Though Birth of a Tragedy was critically panned at publication, I'm fond of the basic problem the critic, Wilamowitz had with it. From Geuss's Intro:

"Apart from various points of detail, Wilamowitz correctly diagnosed and categorically rejected Nietzsche's attempt to do 'philology' in a way that would make it more like philosophy or art than like a strict 'wissenschaft'; the proper mode of access to the ancient world, Wiliamowitz asserted, was through the painstaking study of history 'in der askese selbstverlaufender arbeit' (of asceticism in self-leveling work), not through the mystic insights used in Birth of a Tragedy. It is perfectly true that,given a choice, Nietzsche would prefer Weisheit to Wissenschaft, so there was no real response he could make to that basic charge."

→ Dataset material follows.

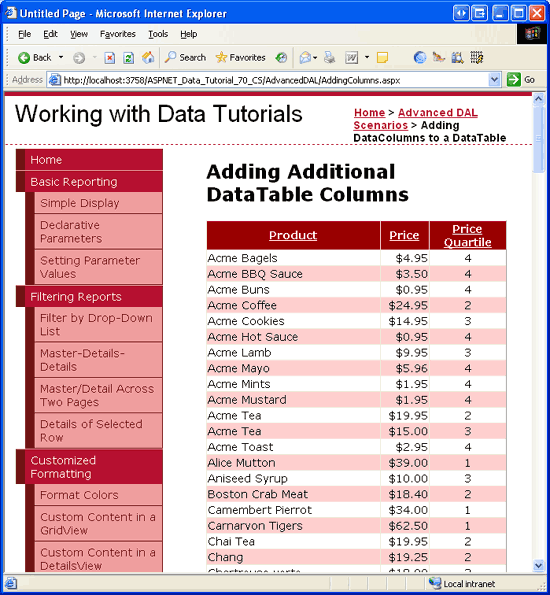 Die Produkte werden nach ihren Namen bestellt.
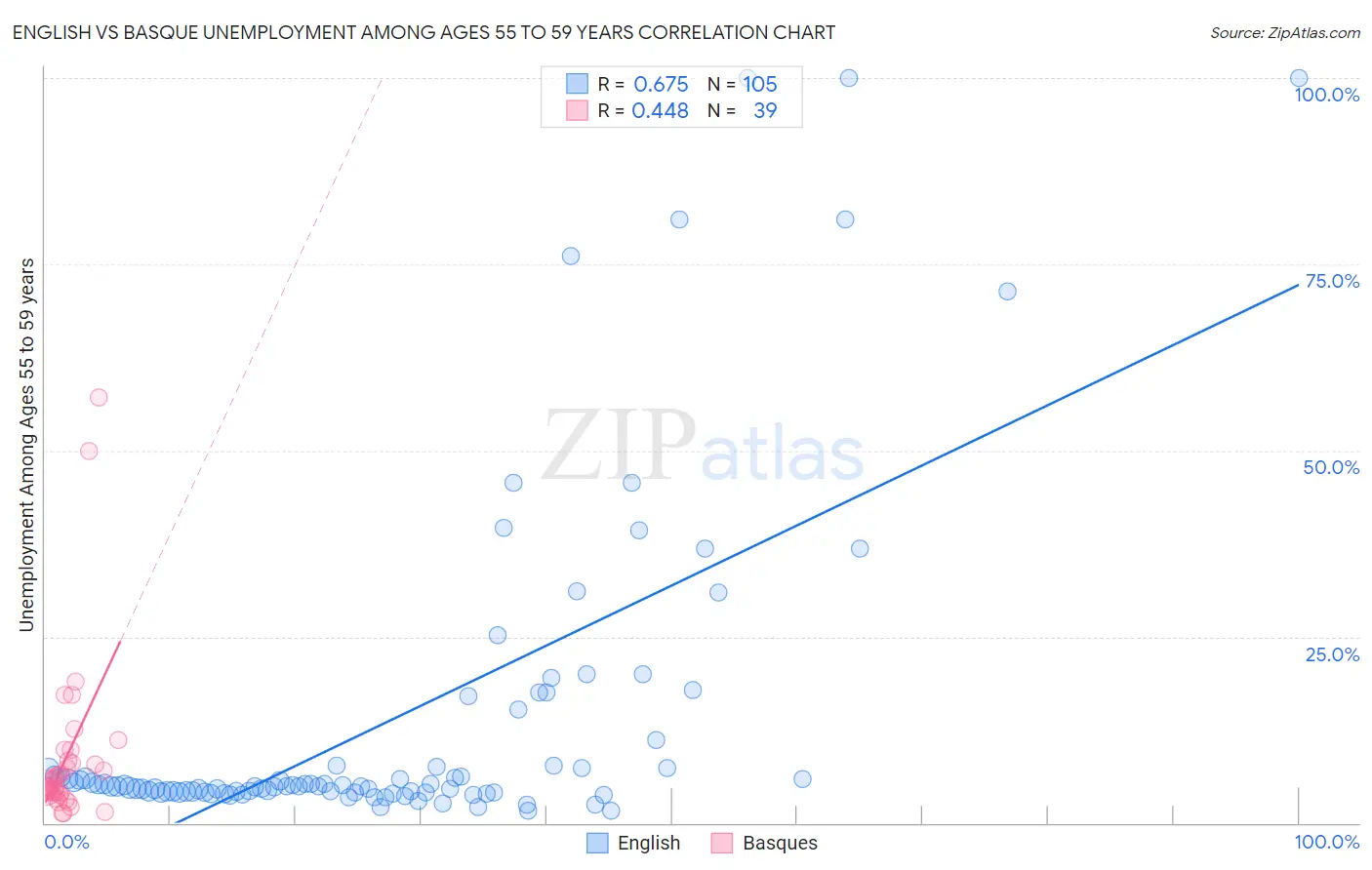 English vs Basque Unemployment Among Ages 55 to 59 years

And just for reference from Wikipedia:
Philology is the study of language in written historical sources; it is a combination of literary studies, history and linguistics.[1]
Classical philology is the philology of Greek and Classical Latin. Classical philology is historically primary, originating in European Renaissance Humanism, but was soon joined by philologies of other languages both European (Germanic, Celtic, Slavistics, etc.) and non-European (Sanskrit, Persian, Arabic, Chinese, etc.). Indo-European studies involves the philology of all Indo-European languages as comparative studies.
Any classical language can be studied philologically, and indeed describing a language as "classical" is to imply the existence of a philological tradition associated with it.